Ver a Plácido Domingo descender de un helicóptero, con las torres al fondo, tuvo que representar a la fuerza una imagen desconcertante para el equipo. Especialmente, para los extranjeros, entusiasmados con los tópicos de bandoleros, de campesinas platónicas y vivarachas. La espléndida Migenes, tan emocionante en su versión de Lulu, de Alban Berg. El propio Francesco Rosi, el autor de Lucky Luciano, que venía en gran medida en busca de las pistas que maravillaron a Prosper Mérimée, el creador del mito posteriormente utilizado por Bizet, con su memoria encendida de viajero y de lector de tradiciones y leyendas gitanas.

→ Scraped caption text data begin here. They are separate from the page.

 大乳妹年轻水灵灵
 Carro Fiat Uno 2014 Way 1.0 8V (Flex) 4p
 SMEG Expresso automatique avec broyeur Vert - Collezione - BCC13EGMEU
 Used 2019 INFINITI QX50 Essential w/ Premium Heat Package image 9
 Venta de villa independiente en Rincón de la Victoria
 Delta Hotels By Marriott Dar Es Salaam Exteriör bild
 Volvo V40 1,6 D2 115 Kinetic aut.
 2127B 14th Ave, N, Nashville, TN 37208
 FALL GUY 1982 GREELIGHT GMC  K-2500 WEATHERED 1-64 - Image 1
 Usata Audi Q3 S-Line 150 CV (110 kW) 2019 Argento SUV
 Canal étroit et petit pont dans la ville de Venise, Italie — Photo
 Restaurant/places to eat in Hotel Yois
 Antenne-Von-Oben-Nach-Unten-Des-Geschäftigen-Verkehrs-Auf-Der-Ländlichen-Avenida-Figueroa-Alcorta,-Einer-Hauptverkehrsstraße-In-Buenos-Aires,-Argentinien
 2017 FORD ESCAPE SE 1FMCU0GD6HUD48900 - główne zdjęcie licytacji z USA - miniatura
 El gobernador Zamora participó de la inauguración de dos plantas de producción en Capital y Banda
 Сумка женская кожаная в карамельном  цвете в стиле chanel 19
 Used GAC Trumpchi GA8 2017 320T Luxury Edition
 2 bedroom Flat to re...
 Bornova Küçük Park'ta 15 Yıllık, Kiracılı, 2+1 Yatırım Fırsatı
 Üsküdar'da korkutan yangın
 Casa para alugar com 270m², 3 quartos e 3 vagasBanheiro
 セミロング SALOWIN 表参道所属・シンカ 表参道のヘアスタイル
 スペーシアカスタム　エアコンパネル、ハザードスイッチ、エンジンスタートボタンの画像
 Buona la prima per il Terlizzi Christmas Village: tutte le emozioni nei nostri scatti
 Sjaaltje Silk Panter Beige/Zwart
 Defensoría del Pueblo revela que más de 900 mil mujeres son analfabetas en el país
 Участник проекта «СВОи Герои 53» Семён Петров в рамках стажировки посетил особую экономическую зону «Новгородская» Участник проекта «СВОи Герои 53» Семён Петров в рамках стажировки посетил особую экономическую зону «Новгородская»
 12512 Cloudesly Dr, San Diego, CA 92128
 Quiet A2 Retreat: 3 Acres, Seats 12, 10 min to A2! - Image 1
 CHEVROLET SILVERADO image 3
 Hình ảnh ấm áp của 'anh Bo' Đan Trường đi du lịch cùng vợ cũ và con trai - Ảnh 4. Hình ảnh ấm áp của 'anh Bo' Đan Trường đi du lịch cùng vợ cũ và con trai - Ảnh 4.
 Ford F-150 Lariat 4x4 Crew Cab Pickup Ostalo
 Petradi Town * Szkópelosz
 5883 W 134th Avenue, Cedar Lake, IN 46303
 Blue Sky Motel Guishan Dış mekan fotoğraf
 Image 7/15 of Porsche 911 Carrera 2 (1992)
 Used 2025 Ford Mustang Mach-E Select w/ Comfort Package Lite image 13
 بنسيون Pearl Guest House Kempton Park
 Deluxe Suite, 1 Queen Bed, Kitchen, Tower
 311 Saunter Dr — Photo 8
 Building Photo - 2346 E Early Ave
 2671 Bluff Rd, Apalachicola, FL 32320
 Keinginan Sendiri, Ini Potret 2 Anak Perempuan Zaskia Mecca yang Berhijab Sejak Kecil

El cineasta, en cualquier caso, sabía dónde estaba. Y de los recursos de los que disponía, más allá de los edificios y del paisaje, para hacer que el tiempo, entonces tan de zapatillas a lo Michael Jordan y flequillo Bervely Hills, doblara por la esquina infalible de esa época: la de las mujeres con cántaros y las cantinas y los soldados. El atajo plástico más evidente era la plaza de La Maestranza, que fue alquilada con todos los extra. Incluida la representación de una corrida goyesca, la del matador Lucas, el papel del tenor, que fue sustituido en las escenas frente al toro por el diestro Santiago López. Un rodaje, sin duda, intenso, aunque también con ratos de asueto para las estrellas. Al artista español se le vio mucho en la ciudad, pero sin que eso le impidiera alguna que otra escapada a Marbella, casi siempre para visitar a amigos, para bañarse y disfrutar de las playas. Pese a su vida neoyorkina y sus incontables compromisos internacionales, Plácido Domingo no era ajeno a lo que todavía en 1983 se cocía en la Costa del Sol. Y hubo quien señaló, incluso, que estaba en conversaciones con algunos amigos para abrir una academia de canto en Málaga.

Mientras, los de la producción, seguían a lo suyo. Si no les gustaban que el cableado de la luz y del telefono estropeara un plano llamaban al Ayuntamiento y pagaban una obra exprés para que fuera soterrado. Con este plan,y una serie tipo El Padrino, Ronda habría vivido su heterodoxa Expo. Queda, eso sí, el recuerdo. Y las escenas de la película de Rosi, la primera grabada por el tenor en España, donde se aprecian claramente algunos de sus escenarios: el coso taurino, el Tajo del Abanico, en la montaña. Tierra para siempre en la ficción de contrabando, de amores líricos vividos con un pie en la tumba y el otro en la cartera. Julia Migenes, gitana de pelo rojo. Los pasos de Mérimée, la arena, el helicóptero.